I was born with a disability.
When it comes to anything food-and-cooking related, I WILL screw it up. God made me that way and my family and I have learned to live with it.
The older I get, the more I realize just how degenerating my disability really is. Whereas once I could make home-made baby food (also known as mashed carrots) with unequaled swag, today I’m lucky if can get a frozen pizza to look like a frozen pizza after I get through with it.
Part of the problem is that I’m addicted to writing with an insatiable habit of getting lost in my bubble and there’s no room for my desk beside the stove. It’s a kitchen design issue.
That said, even I have to admit that last week I reached the lowest of lows in kitchen disasters.
It all started when I burned the potatoes. In my defense the little icons for telling which burner is the front burner and which is the back burner are not all that clear.
Dear Maytag: Why can’t you just WRITE: “Front Burner.” “Back Burner.”?
Alas, potatoes were not the “meat” of our dinner so I didn’t stress about it and decided to work around the mishap. I can be creative that way.
“Hmmmm . . . What’s the next best thing to go with roast chicken?” I asked myself.
“Oh I know! Bread!” I quickly answered. “The kids like to fill up on bread ANYWAYS. Total win!”
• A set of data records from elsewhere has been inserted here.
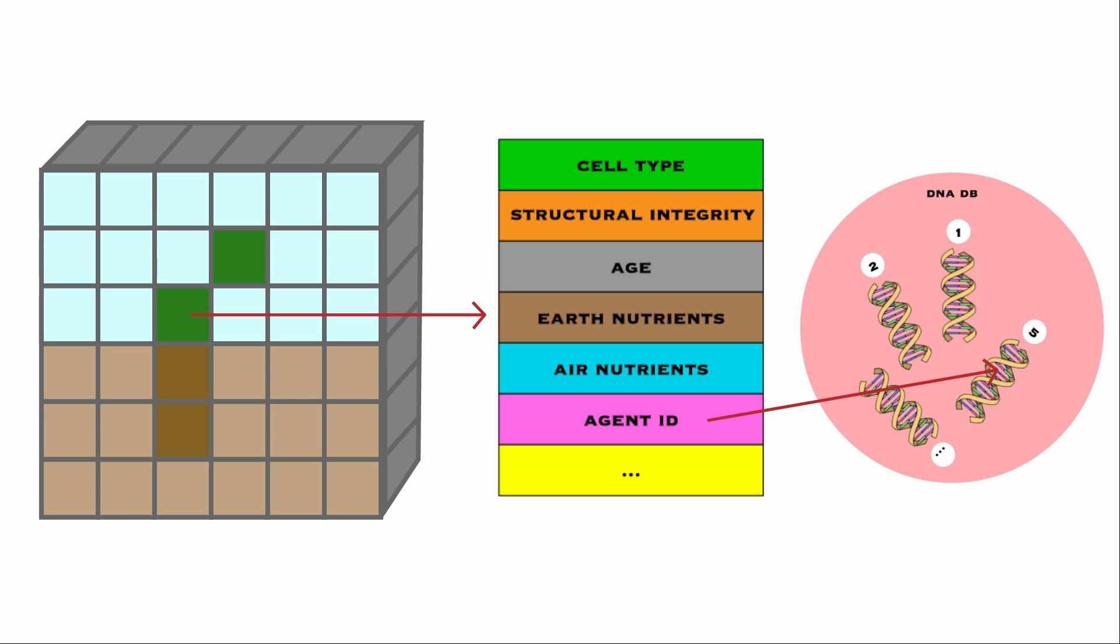Regardless of the cell type, each cell can only perceive their direct three-by-three neighborhood, but they can generally read their entire states, that is, type, ID, nutrient levels, and much more.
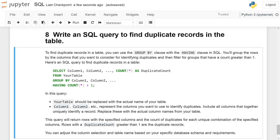Here's an SQL query to find duplicate records in a table: SELECT column1, column2, ... COUNT(*) AS duplicate_count FROM your_table GROUP BY column1, column2 HAVING COUNT(*) greater than 1.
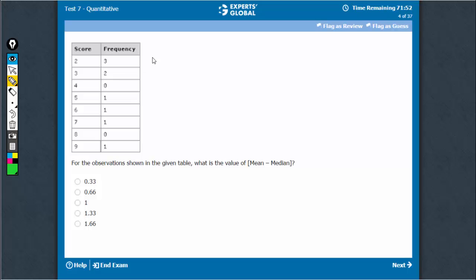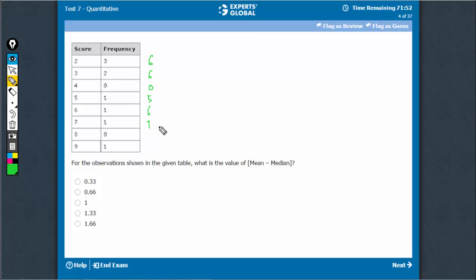Let's find the totals. 2 x 3 is 6, 6, 0, 5, 6, 7, 8 x 0 is 0, 9 x 1 is 9.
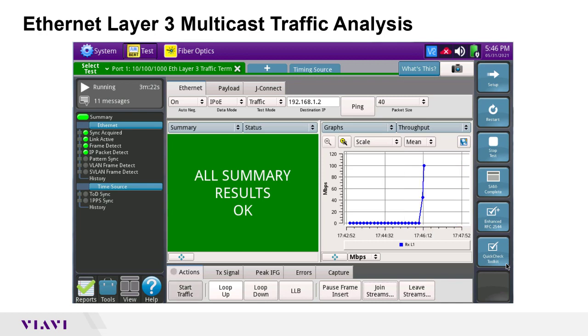I can see that my T-Bird started receiving multicast traffic. I can now use the relevant real-time result views to analyze multicast traffic performance and QoS.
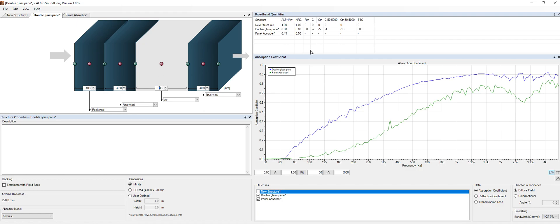On the right part of the screen we have our broadband quantities over here. This is all the information in a numeric point of view. We have the alpha, so the average absorption coefficient.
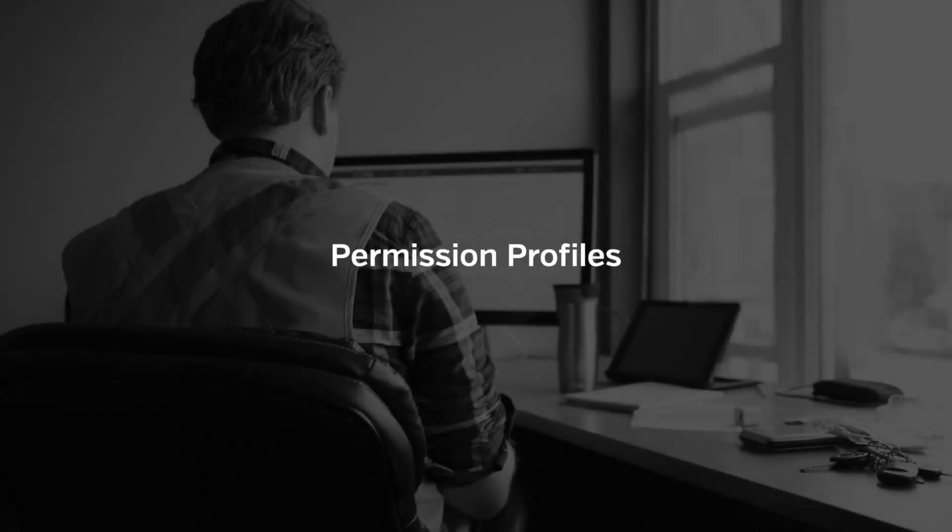In this video we'll talk about how you can use permission profiles to manage what your workers are able to do in the mobile app.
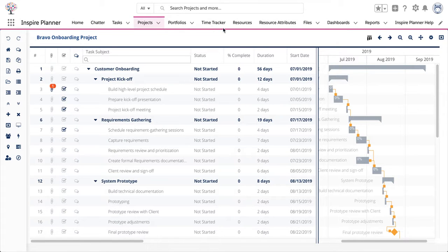In this video, we are going to go through the Kanban view for project tasks within Inspire Planner. A Kanban board visually depicts your project tasks at various stages. Cards represent work items and columns represent each task status.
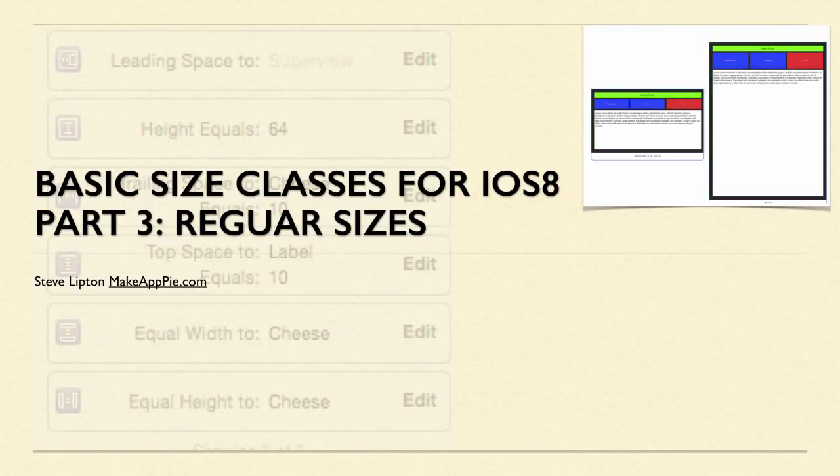Hello, welcome to our final installment in the beginning auto layout videos. I'm Steve from MakeAppPie.com.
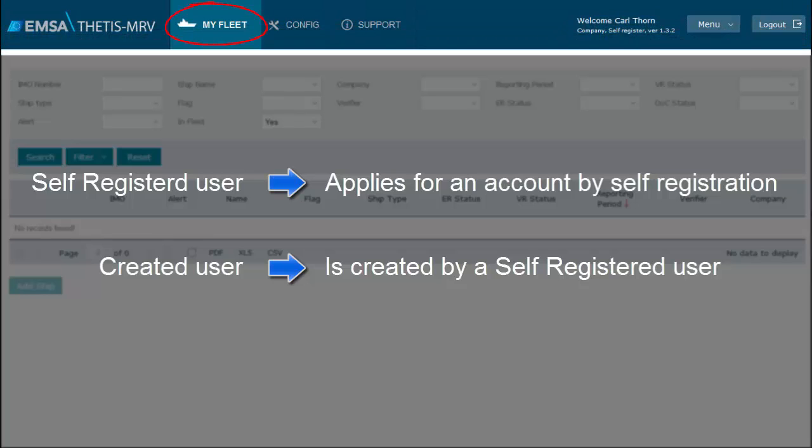In My Fleet page, created users will have the same permissions as self-registered users.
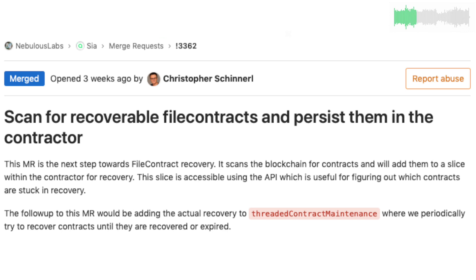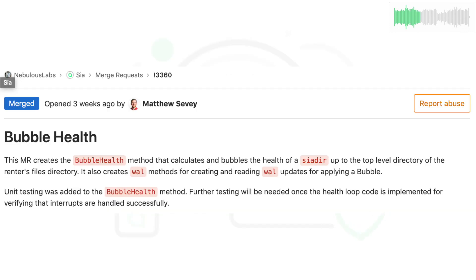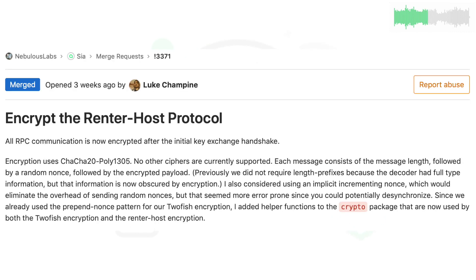Chris added the ability to scan for recoverable file contracts. Matt created the BubbleHealth method, a system that quantifies and displays the health of whole directories uploaded to SIA.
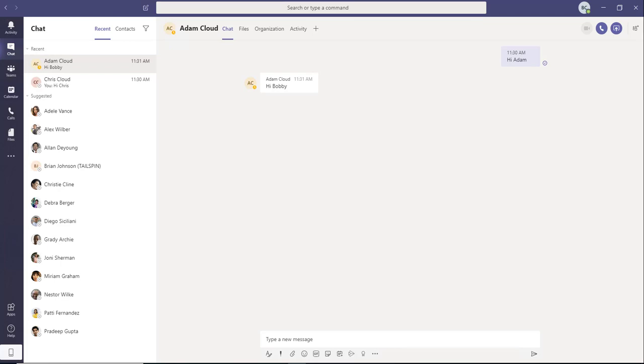Hello everyone, welcome back. This is Carson Cloud. In this video, I will be covering the call settings in Teams.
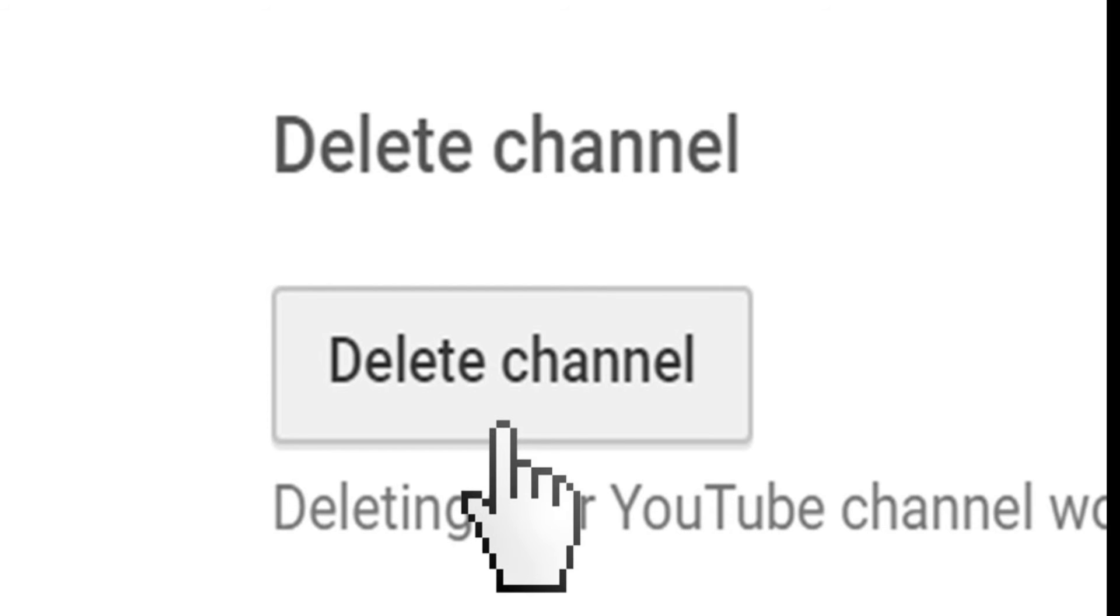But yeah guys, thank you for watching. Thank you for helping me out and getting me to 127 subscribers. Thank you so much for that. Let's see if we can get to that many on my new channel. And yeah guys, thanks for watching. Bye.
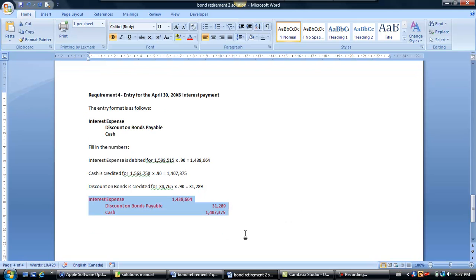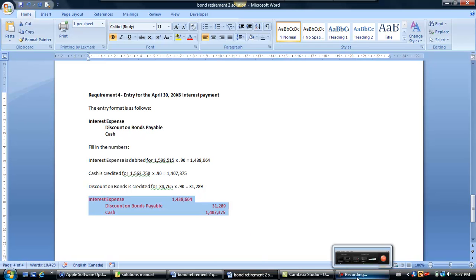This concludes our presentation of bond retirement with a twist — the twist being: what would the journal entry be for the payment of interest after the bonds are retired for the remaining bonds? I hope you enjoyed the recording, and if you have any questions, let me know in class. Have a good day.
But with that thought came the realization that ketchup would not cut it with this roast chicken dinner and that I’d have to make GRAVY. (Why yes. Ketchup IS a staple in my house. How did you guess?)
So I took the chicken out of the oven and set it aside to make a gravy with what I call the messy reason why I don’t like to make roasts and what my mom calls “the drippings”.
I added water from the vegetables (making sure NOT to use the burned potato water) and poured flour into the saucepan to thicken it up just like my mom does. And my step-mom. And my daughter. And my boyfriend. And my friend Wendy.
Realizing that the rest of the world is able to make gravy gave me confidence.
I’m lying. It made me realize that no one ever lets me make the gravy.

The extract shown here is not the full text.